(Extracted data):
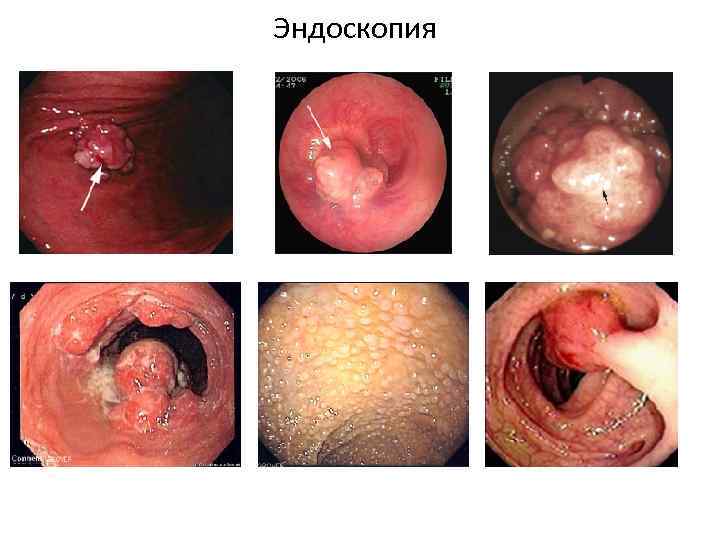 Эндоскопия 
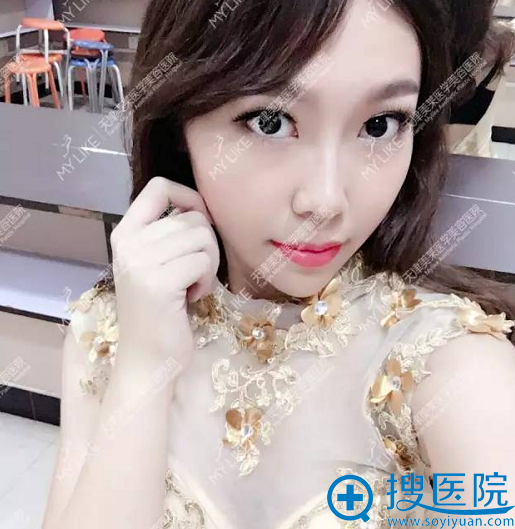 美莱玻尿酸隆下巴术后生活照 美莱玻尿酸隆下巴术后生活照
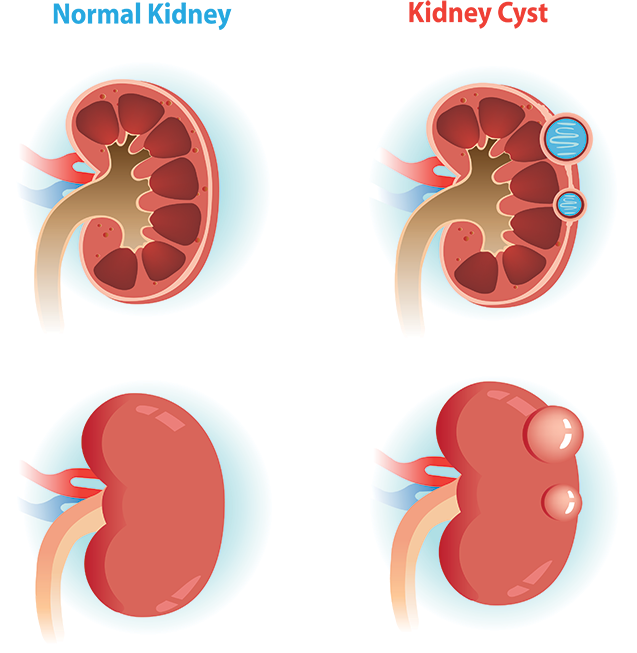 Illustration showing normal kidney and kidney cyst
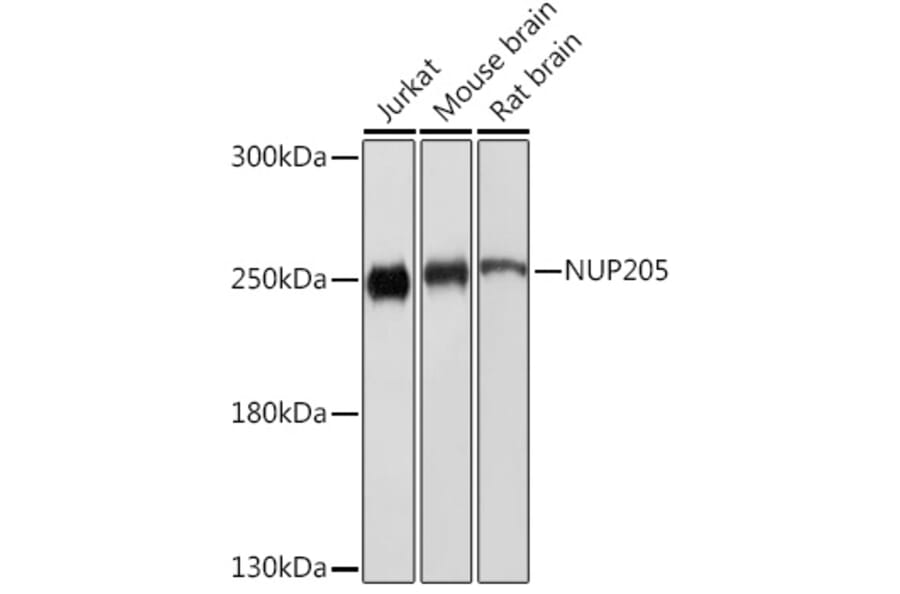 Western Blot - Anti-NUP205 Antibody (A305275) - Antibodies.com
==
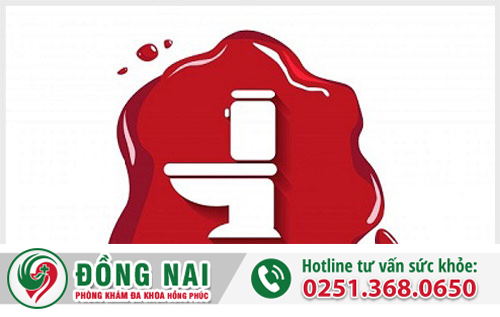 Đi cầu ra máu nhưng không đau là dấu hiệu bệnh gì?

(What needs to be done): In the records above, find the line with "美莱玻尿酸隆下巴术后生活照 美莱玻尿酸隆下巴术后生活照". Print exactly from there through the line with "Western Blot - Anti-NUP205", minus the pictures.

(Result for this task):
 美莱玻尿酸隆下巴术后生活照 美莱玻尿酸隆下巴术后生活照
 Illustration showing normal kidney and kidney cyst
 Western Blot - Anti-NUP205 Antibody (A305275) - Antibodies.com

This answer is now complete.